Andrew and I woke quite early, the sun streaming in through a naughty gap in the curtains. We decided to let Oli sleep in and made our way, with two bags of dirty washing, to a laundrette. We had hoped to get a service wash and had checked it out last night, but when we got there the place was just the washers - no staff. So we stuffed our clothes into two washing machines and left them to do their magic while we had a little explore.

We found a coffee and cake shop and ordered some coffees. Andrew had a ham and cheese croissant (with a take away one for Oli), and I had a chocolate palmier (a kind of biscuit crossed with a croissant). After a wander around, we went back for the washing and set it off on a drying mode! Life on the edge in Granada! The laundrette was, unsurprisingly, baking hot. We got everything dried and folded and walked back to the hotel to collect Oli. It was midday and he was still not awake!

Finally up and ready, he joined us for our walk up to today’s star of the show..The Alhambra.

The Alhambra is a palace perched high above Granada’s old town that was once a walled castle.

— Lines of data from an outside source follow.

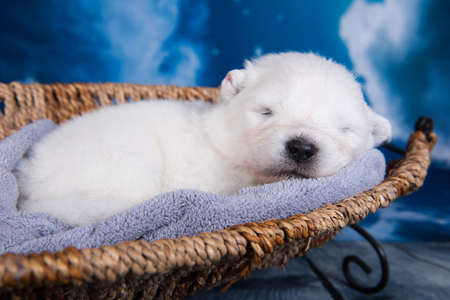 White fluffy small Samoyed puppy dog in a basket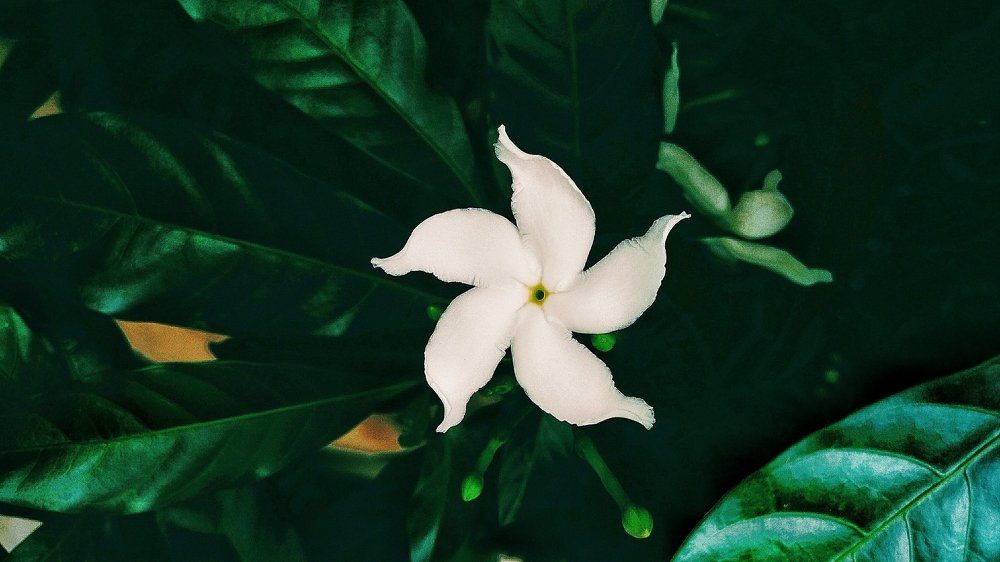 White pin wheel flower
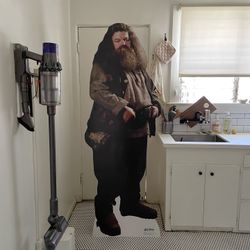 Hagrid Harry Potter birthday party, cardboard cutoff full size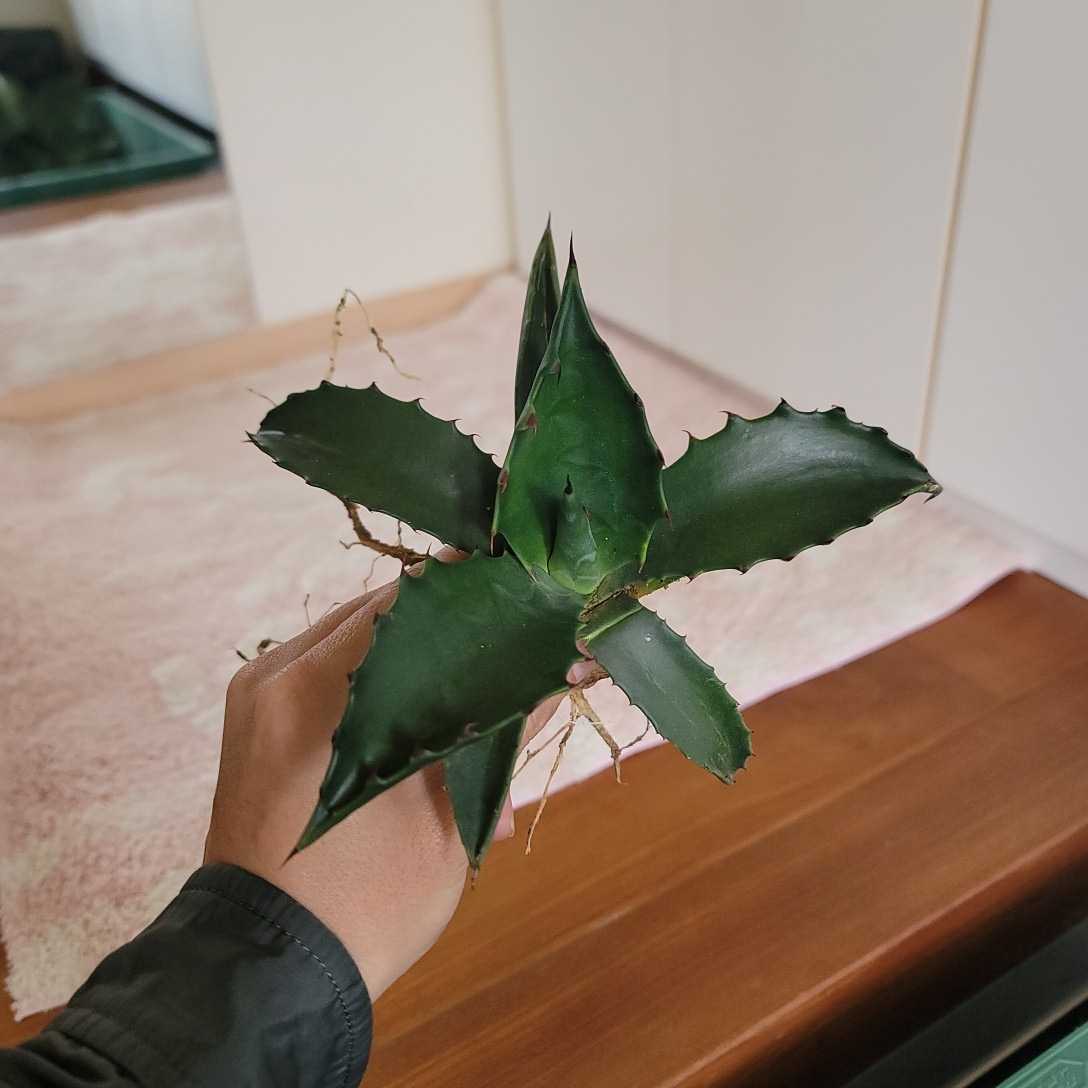 アガベ フェロックス グリーンゴブレット2 検索用/サルミアナ チタノタ ホリダ リップルの入札履歴 - 入札者の順位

By 1237 it became the seat of Granada’s Nasrid emirs.

According to the guidebook, the Palacio Nazaries are the finest Islamic buildings in Europe. Quite a claim!

Alhambra means ‘Red Castle’ in Arabic. It had parts added on right up until 1492, when the Christians moved in and took over. By 1829 it had fallen into serious disrepair until America wrote Washington Irvine rediscovered it and by writing about it started a chain of events that led to it being restored. It is absolutely huge and the restoration continues.

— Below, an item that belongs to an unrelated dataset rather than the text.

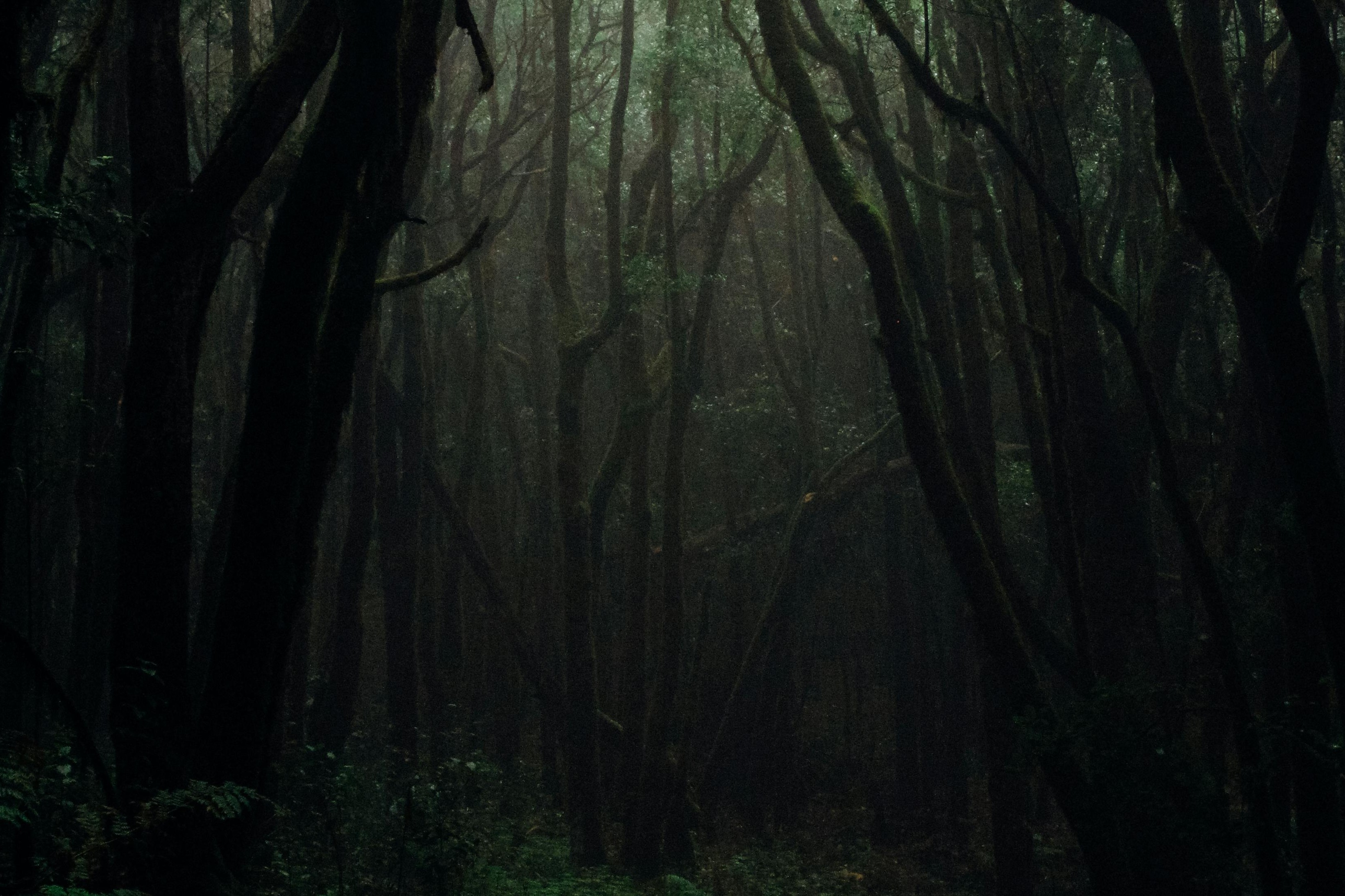 dark green tangled forest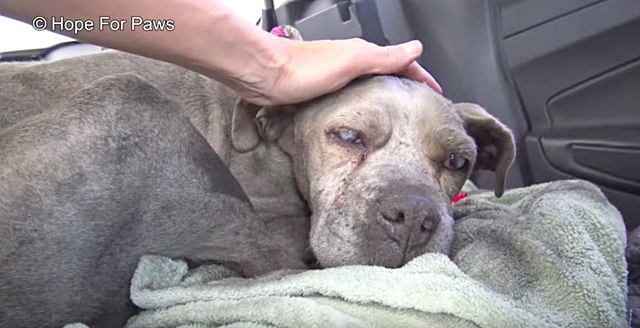 ช่วยหมา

It is the only surviving large medieval Islamic palace complex in the world.

It’s designers were supremely gifted, using pools and running water to integrate nature and buildings.

I had first seen parts of the palace when Michael Palin visited it for a BBC travel documentary and I remember how moved he was and how he had hoped that nobody else would ever visit as he wanted it all to himself.

Tough luck as it is Spain’s second biggest tourist attraction after Sagrada da Familia. You have to book well in advance, which we had. It’s quite the climb up, but it’s under a welcome canopy of trees. Oliver described the walk as the pinnacle of awful. Drama!

We walked to the back of a queue (even though we had time tickets) and waited for around 15 minutes to enter the Nasrid Palaces.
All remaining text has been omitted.